Le petit moulin à poivre

« Etre adulte c'est avoir pardonné à ses parents. »

(S. Freud)

« Il nous fallut bien du talent

Pour être vieux sans être adultes »

(Jacques Brel)

 

Les lecteurs du galibot l’ont bien compris : c’était pas tous les jours la fête. D’autant que le vieux schnock n’aimait pas vraiment les fêtes. Ou plutôt, en grand amateur de mauvais westerns, il les confondait avec le bal de saloon où ça se termine toujours en bagarre généralisée. J’ai des souvenirs de sapins de Noël jetés dehors avec une guirlande à jamais déroulée et d’œufs de Pâques transformés en omelette.

 Pourtant, quelques grands jours à jamais marqués d’un petit caillou blanc ont échappé à l’horreur de la règle et je me rappelle une fête des mères où Maman n’a pas eu à garer ses abattis ou à s’entraîner à la course à pied avec sa couvée de jeunes athlètes. Bien sûr, nos petits moyens ne nous permettaient pas de lui acheter un bijou ou quelque chose du genre. On restait dans l’utile de la ménagère, comme c’était souvent le cas dans les familles modestes.

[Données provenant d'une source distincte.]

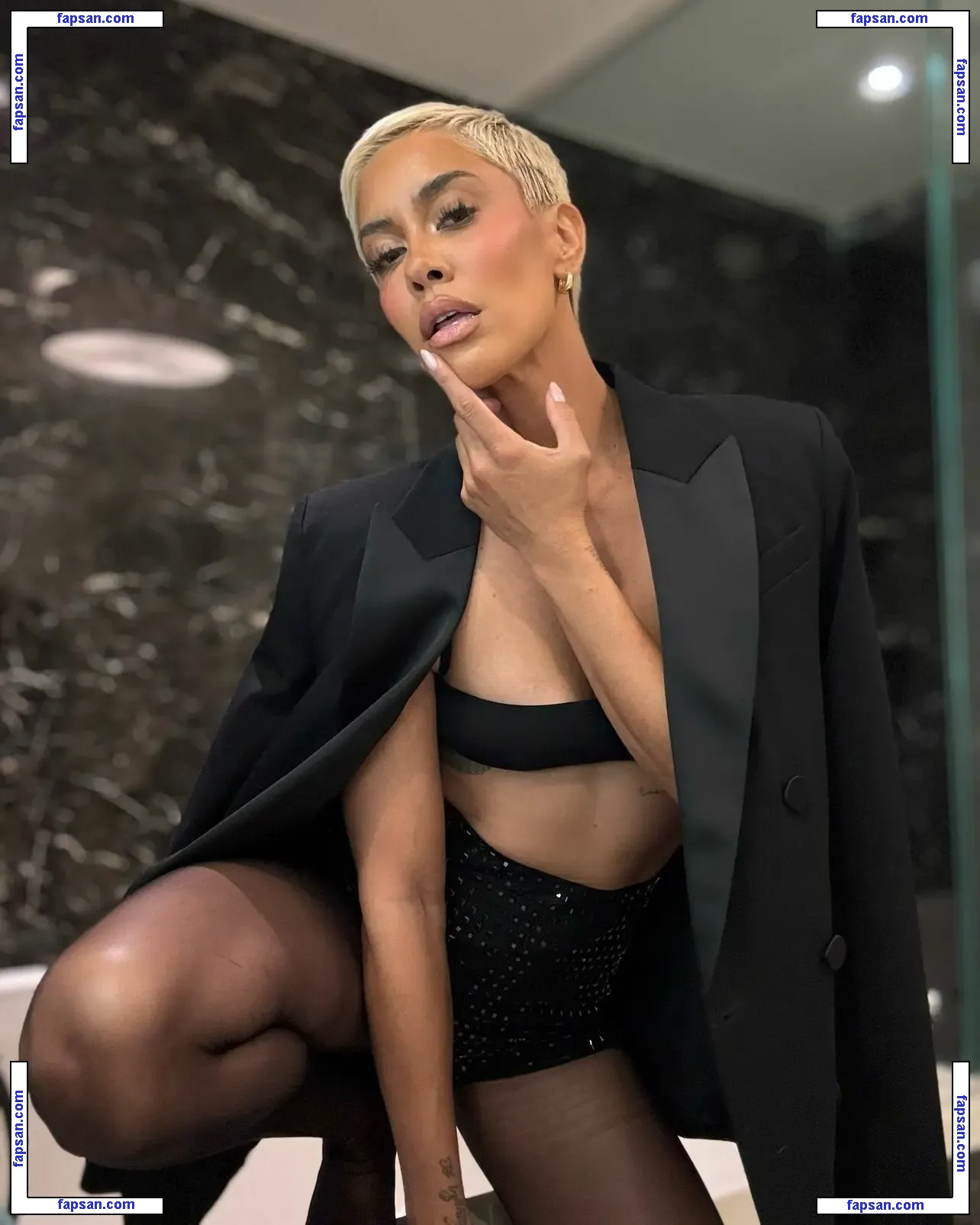 Sibley Scoles nude photo #0044 from OnlyFans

Je devais avoir alors trois ou quatre ans tout au plus et je ne m’étais pas encore entraîné à être Johnny Weismuller. C’était dans la salle à manger de la maison du pontier. Je me souviens encore de Maman en train de découvrir son cadeau… Il était joli ce moulin à café miniature comme est joli tout ce qui est petit… J’essaie toujours de m’en convaincre du haut de mon mètre 63. On aurait pu s’y tromper, croire que sa vue soudain baissait, si ce n’est que les vrais moulins à café commençaient à montrer leur patine et à être remplacés depuis longtemps[1], alors que cet objet était, lui, rutilant. Et Maman était heureuse de ce simple cadeau, elle qui savait si bien se contenter de ces petit riens qui étaient toujours quelque chose pour elle.

Cette fête des mères reste, dans ma mémoire, comme une bulle de bonheur dans la tourmente.

 

Le moulin à poivre a suivi la « famille » dans ses pérégrinations jusqu’à la fin. Même quand nous avons quitté le Nord, il a fini par nous rejoindre alors que nous avions presque tout laissé de cet horrible mobilier que nous possédions. Et je puis dire aujourd’hui qu’il m’a accompagné aussi. Tout petit déjà, j’aimais bien l’utiliser non pas tant pour aider Maman que pour m’amuser et sentir la bonne odeur du poivre jusqu’à l’éternuement.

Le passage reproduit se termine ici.